After an initial period of independent feudal consolidation, Belarusian lands were incorporated into the Kingdom of Lithuania, Grand Duchy of Lithuania, and later in the Polish–Lithuanian Commonwealth, and the Russian Empire and eventually the Soviet Union. Belarus became an independent country in 1991 after declaring itself free from the Soviet Union.
The history of Belarus, or more precisely of the Belarusian ethnicity, begins with the migration and expansion of the Slavic peoples throughout Eastern Europe between the 6th and 8th centuries. East Slavs settled on the territory of present-day Belarus, Russia and Ukraine, assimilating local Baltic — (Yotvingians, Dniepr Balts), Ugro-Finnic (in Russia) and steppe nomads (in Ukraine) already living there, their early ethnic integrations contributed to the gradual differentiation of the three East Slavic nations.

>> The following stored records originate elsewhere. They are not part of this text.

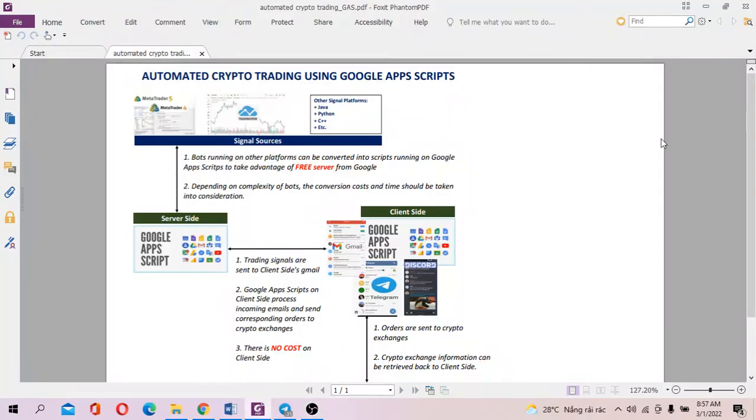Hey guys, Tim here. In this video, I'm going to show you how to automate crypto trading using Google Apps Scripts absolutely free.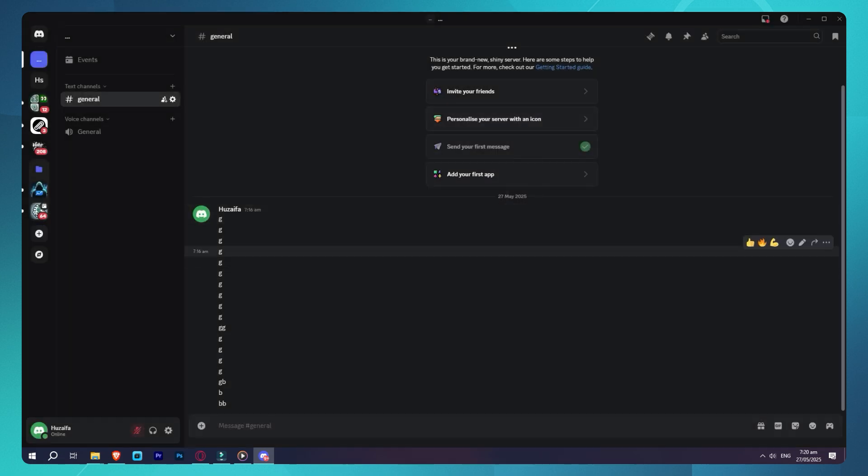Step 4: Restore the backup. Go to the new server and type back upload ID, replace ID with the backup ID you got earlier. Confirm the restore when Xenon asks.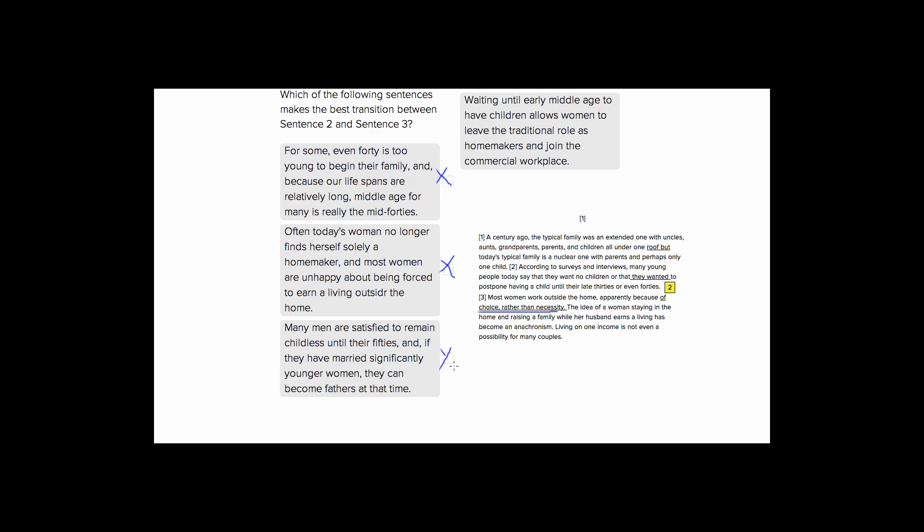So that leaves us with choice four and it's up here so it fits on the screen. So choice four tells us waiting until early middle age to have children allows women to leave their traditional role as homemakers and join the commercial workplace. This is great because it introduces the idea of women. So it was really jarring going right from two to three with no transition and it talks about waiting to have children until later. So that's the idea from number two and it talks about joining the workplace. So that was from choice three. So sentence choice number four is the only logical transition sentence.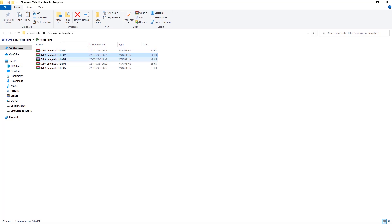These cinematic title templates will work on Premiere Pro 2019 or above versions. Let me show you how to edit and use these templates.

These East Slavs, a pagan, animistic, agrarian people, had an economy which included trade in agricultural produce, game, furs, honey, beeswax and amber.
The modern Belarusian ethnos was probably formed on the basis of the three Slavic tribes — Kryvians, Drehovians, Radzimians as well as several Baltic tribes.
During the 9th and 10th centuries, Scandinavian Vikings established trade posts on the way from Scandinavia to the Byzantine Empire. The network of lakes and rivers crossing East Slav territory provided a lucrative trade route between the two civilizations. In the course of trade, they gradually took sovereignty over the tribes of East Slavs, at least to the point required by improvements in trade.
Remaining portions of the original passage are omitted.